It has been a while since I last had the urge to write, not through a lack of things to talk about, but more... shall we say... through lack of a catalyst. Writing for me is a tricky art and a very fickle mistress that no matter how many thoughts flood my brain at any given moment, if I fail to find that one magic word to start my sentences, then they all come crashing to a halt. Sometimes that one tiny word is the proverbial snowflake on my thoughts that causes the avalanche of paragraphs to cascade through my eager fingers.
It also doesn't help that I am normally afflicted with attention deficit disorder whenever the desire to write gnaws at me. Even now, while I am writing, ideas for an excel template I have long planned to make makes its way to me, as well as the urge to review my previous posts, and to revisit blogs that I have long lost contact with. I think sometimes I need three more of myself just to get through all the things that I want to accomplish. Maybe cloning would work. Or maybe a Naruto-style shadow clone technique would do the trick. Or maybe I'm reading too much manga lately for my own good.
We also lost internet connection for a couple of weeks, and those weeks were trying times. That was the time I realized how dependent I had become of the internet. It was frustrating to be stuck at home, with no means of connection and with my mind reeling of things to do, and things that I ought to do but am not willing to perform just yet. I realized that I had become addicted to the internet as my favorite form of procrastination in the same vein that I was addicted to television some years back. It affords me an excuse to not do something that I should have done in a long time because I am still busy doing "something" even though what I am actually doing is basically... well... nothing.
When the internet was reconnected, though, I had already created a new habit of doing nothing that I wasn't tempted enough to log back into my online connections. It was liberating in a way, but rather quite lonely, to be frank. It's a good thing that I am quite comfortable with my loneliness and the quietude that it brings. It also has a certain power -- the fact that I am capable of logging back in, but chose not to -- a power that, upon reflection, is akin to that feeling of empowerment anorexics feel when they choose to starve themselves: it feels good for a while, but is ultimately detrimental in the long run.

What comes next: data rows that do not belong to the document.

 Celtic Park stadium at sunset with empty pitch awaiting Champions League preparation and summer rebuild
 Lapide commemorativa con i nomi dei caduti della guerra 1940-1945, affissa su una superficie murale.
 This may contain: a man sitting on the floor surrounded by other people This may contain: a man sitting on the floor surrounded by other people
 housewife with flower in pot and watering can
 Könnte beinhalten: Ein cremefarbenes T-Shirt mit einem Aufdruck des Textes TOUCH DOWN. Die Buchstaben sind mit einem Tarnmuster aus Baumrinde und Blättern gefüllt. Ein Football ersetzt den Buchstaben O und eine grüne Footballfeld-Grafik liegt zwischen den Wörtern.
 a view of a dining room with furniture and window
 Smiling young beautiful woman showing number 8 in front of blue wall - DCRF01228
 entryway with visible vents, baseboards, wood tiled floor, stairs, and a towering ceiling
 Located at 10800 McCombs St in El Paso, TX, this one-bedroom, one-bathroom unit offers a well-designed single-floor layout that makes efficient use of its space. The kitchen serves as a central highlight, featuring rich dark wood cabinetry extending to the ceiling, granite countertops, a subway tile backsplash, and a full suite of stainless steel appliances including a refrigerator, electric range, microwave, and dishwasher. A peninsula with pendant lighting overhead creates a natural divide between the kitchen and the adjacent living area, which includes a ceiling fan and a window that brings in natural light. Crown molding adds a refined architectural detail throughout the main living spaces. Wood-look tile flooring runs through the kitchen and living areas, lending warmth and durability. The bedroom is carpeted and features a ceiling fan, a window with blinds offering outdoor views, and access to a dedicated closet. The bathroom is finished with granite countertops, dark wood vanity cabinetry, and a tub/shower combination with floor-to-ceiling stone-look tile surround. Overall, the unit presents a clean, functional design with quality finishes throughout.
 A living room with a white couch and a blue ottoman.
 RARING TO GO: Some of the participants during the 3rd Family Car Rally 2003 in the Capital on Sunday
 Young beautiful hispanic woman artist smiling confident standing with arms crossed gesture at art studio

"No man is an island." I know that, and have exulted that mantra to some people in the past in hoping that they would reconnect. It would be quite foolish and hypocritical of me if, after I proclaim that gospel, I myself would come to shun it, and try to establish my own isle of isolation.
Anyway, I am back online, and back to my verbose self once more. And hopefully it would stay this way for quite a spell; it's very unhealthy for thoughts to rot inside one's head.
"...And the vision that was planted in my brain still remains, within the sound of silence."